PRIMEdit: Probability Redistribution for Instance-aware Multi-object Video Editing with Benchmark Dataset
Samuel Teodoro, Agus Gunawan, Soo Ye Kim, Jihyong Oh, Munchurl Kim
TL;DR
PRIMEdit tackles the challenge of localized, instance-aware multi-object video editing in a zero-shot setting by introducing two novel components: Instance-centric Probability Redistribution (IPR) and Disentangled Multi-instance Sampling (DMS). IPR provides precise spatial control by redistributing cross-attention probabilities to confine edits within instance masks, while DMS decouples and harmonizes multiple instance edits through series and parallel sampling with latent fusion and re-inversion. To evaluate locality and leakage, the authors introduce the MIVE dataset and the Cross-Instance Accuracy (CIA) score, demonstrating significant improvements in editing faithfulness, temporal consistency, and leakage reduction over state-of-the-art methods.
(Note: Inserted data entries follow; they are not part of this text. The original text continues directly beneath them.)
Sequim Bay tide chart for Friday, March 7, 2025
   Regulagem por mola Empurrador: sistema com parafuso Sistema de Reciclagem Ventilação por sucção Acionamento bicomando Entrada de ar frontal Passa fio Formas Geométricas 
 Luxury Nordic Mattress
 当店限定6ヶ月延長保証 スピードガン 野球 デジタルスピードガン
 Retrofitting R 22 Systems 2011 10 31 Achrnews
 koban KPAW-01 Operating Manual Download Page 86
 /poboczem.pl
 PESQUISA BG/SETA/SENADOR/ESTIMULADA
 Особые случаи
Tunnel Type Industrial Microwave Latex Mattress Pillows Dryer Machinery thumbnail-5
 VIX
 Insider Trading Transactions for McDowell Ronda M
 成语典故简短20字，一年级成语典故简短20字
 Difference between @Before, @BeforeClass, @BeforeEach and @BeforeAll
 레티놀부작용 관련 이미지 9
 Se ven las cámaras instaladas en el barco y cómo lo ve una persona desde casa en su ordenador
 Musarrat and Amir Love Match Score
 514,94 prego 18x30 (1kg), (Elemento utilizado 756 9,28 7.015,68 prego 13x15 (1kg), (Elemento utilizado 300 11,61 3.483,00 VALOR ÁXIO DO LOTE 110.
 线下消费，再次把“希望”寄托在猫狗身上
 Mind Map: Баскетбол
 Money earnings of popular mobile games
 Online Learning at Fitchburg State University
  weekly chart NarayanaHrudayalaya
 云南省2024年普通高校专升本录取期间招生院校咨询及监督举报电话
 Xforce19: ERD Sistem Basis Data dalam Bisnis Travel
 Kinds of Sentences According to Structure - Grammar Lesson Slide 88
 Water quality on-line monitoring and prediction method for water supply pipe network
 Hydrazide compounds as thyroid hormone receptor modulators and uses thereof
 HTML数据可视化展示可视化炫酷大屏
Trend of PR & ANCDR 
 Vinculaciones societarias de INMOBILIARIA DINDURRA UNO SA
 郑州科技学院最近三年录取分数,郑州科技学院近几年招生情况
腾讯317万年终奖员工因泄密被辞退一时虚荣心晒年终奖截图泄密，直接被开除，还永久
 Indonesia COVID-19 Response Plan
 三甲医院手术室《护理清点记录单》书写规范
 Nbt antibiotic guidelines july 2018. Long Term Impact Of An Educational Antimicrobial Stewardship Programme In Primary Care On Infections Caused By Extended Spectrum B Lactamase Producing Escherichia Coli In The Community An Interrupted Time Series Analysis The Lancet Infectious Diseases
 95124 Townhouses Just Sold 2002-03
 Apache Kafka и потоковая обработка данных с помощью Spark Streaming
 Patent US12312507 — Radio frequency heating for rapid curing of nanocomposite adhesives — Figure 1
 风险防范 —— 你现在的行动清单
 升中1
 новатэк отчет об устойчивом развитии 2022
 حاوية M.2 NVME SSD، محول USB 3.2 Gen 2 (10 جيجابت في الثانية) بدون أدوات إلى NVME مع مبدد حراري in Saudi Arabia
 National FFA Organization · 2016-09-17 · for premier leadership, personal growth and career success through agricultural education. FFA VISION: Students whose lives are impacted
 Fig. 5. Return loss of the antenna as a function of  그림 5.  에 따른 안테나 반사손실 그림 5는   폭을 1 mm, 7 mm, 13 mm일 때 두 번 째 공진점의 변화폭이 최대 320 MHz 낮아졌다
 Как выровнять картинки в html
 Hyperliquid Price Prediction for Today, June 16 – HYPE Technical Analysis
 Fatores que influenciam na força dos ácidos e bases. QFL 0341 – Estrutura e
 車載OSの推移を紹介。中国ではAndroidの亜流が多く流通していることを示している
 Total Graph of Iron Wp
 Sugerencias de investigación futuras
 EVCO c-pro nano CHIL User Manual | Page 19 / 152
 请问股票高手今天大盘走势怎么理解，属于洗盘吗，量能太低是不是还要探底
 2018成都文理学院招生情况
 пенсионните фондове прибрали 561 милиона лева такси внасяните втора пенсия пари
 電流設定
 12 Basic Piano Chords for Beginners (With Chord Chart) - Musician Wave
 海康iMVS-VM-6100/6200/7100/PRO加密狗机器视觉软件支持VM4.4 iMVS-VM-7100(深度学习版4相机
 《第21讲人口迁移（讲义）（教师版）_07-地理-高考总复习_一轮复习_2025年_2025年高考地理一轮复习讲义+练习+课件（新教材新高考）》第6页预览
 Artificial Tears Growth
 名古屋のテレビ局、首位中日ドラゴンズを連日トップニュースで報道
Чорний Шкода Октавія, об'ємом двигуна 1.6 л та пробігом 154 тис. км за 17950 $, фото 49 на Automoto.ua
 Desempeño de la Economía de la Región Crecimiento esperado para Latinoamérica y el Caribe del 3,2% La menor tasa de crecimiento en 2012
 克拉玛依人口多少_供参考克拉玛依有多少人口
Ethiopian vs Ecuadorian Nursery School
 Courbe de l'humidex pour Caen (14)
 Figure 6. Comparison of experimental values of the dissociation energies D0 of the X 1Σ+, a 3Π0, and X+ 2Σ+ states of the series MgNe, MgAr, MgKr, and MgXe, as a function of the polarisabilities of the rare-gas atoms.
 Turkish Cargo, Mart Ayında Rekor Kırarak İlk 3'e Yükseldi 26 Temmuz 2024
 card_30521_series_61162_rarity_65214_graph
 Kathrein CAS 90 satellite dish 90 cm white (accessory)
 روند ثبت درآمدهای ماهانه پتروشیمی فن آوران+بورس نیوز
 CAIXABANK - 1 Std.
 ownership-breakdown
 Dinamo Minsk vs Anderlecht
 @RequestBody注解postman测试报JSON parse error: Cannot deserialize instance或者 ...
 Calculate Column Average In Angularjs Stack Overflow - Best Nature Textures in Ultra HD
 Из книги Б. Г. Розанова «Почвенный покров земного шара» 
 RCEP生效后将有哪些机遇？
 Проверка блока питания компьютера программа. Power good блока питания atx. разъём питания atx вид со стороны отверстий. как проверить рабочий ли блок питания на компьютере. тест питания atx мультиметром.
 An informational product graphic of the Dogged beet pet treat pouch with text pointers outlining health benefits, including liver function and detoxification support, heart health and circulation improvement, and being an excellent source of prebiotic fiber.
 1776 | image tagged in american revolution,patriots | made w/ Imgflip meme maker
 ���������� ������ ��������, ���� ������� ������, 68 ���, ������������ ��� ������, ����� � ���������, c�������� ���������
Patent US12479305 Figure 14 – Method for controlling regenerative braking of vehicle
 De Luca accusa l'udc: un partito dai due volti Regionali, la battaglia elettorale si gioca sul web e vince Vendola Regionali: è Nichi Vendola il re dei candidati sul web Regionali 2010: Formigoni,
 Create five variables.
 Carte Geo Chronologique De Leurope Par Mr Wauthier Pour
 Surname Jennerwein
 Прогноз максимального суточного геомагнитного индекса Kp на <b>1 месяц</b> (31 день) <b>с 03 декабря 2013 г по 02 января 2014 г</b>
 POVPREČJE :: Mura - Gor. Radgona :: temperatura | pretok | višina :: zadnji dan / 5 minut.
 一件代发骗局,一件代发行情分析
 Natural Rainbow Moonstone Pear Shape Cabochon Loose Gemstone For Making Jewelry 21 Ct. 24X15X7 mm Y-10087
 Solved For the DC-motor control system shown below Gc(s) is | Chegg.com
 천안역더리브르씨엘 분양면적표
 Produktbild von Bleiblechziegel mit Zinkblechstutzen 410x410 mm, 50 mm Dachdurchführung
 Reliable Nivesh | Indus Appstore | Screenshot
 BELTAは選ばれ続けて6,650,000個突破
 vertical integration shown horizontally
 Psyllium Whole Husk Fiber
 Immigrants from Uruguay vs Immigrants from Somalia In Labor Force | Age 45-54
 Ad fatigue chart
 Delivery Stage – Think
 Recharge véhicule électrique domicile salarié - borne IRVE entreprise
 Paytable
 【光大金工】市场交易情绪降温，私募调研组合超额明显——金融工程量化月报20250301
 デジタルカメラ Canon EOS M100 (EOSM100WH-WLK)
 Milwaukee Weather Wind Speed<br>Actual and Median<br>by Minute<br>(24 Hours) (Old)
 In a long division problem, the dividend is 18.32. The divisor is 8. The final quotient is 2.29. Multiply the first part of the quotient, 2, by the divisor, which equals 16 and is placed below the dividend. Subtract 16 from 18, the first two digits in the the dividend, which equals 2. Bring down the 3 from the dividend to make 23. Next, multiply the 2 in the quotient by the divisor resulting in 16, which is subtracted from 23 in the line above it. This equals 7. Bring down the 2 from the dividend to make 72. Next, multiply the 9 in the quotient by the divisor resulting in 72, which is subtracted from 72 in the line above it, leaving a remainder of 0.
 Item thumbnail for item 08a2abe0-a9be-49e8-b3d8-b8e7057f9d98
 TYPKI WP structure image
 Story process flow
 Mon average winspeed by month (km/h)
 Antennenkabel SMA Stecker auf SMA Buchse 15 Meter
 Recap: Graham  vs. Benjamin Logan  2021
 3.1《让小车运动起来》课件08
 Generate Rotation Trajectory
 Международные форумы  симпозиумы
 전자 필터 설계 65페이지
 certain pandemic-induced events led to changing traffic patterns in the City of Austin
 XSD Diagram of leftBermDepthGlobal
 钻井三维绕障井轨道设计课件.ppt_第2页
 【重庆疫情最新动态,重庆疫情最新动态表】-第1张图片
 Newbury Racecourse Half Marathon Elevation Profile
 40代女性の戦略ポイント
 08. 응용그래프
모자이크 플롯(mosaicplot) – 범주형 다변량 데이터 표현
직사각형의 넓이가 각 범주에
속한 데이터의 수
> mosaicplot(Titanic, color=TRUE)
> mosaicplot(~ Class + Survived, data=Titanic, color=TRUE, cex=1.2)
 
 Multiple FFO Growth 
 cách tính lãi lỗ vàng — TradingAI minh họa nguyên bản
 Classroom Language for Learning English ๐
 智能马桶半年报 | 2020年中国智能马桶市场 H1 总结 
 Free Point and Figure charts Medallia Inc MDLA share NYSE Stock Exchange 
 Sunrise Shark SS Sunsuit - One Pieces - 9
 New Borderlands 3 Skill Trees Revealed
The work also shows robustness across varying instance sizes and numbers, and provides extensive ablations and user studies, highlighting practical applicability and scalability for complex multi-object video edits.
Abstract
Recent AI-based video editing has enabled users to edit videos through simple text prompts, significantly simplifying the editing process. However, recent zero-shot video editing techniques primarily focus on global or single-object edits, which can lead to unintended changes in other parts of the video. When multiple objects require localized edits, existing methods face challenges, such as unfaithful editing, editing leakage, and lack of suitable evaluation datasets and metrics. To overcome these limitations, we propose $\textbf{P}$robability $\textbf{R}$edistribution for $\textbf{I}$nstance-aware $\textbf{M}$ulti-object Video $\textbf{Edit}$ing ($\textbf{PRIMEdit}$). PRIMEdit is a zero-shot framework that introduces two key modules: (i) Instance-centric Probability Redistribution (IPR) to ensure precise localization and faithful editing and (ii) Disentangled Multi-instance Sampling (DMS) to prevent editing leakage. Additionally, we present our new MIVE Dataset for video editing featuring diverse video scenarios, and introduce the Cross-Instance Accuracy (CIA) Score to evaluate editing leakage in multi-instance video editing tasks. Our extensive qualitative, quantitative, and user study evaluations demonstrate that PRIMEdit significantly outperforms recent state-of-the-art methods in terms of editing faithfulness, accuracy, and leakage prevention, setting a new benchmark for multi-instance video editing.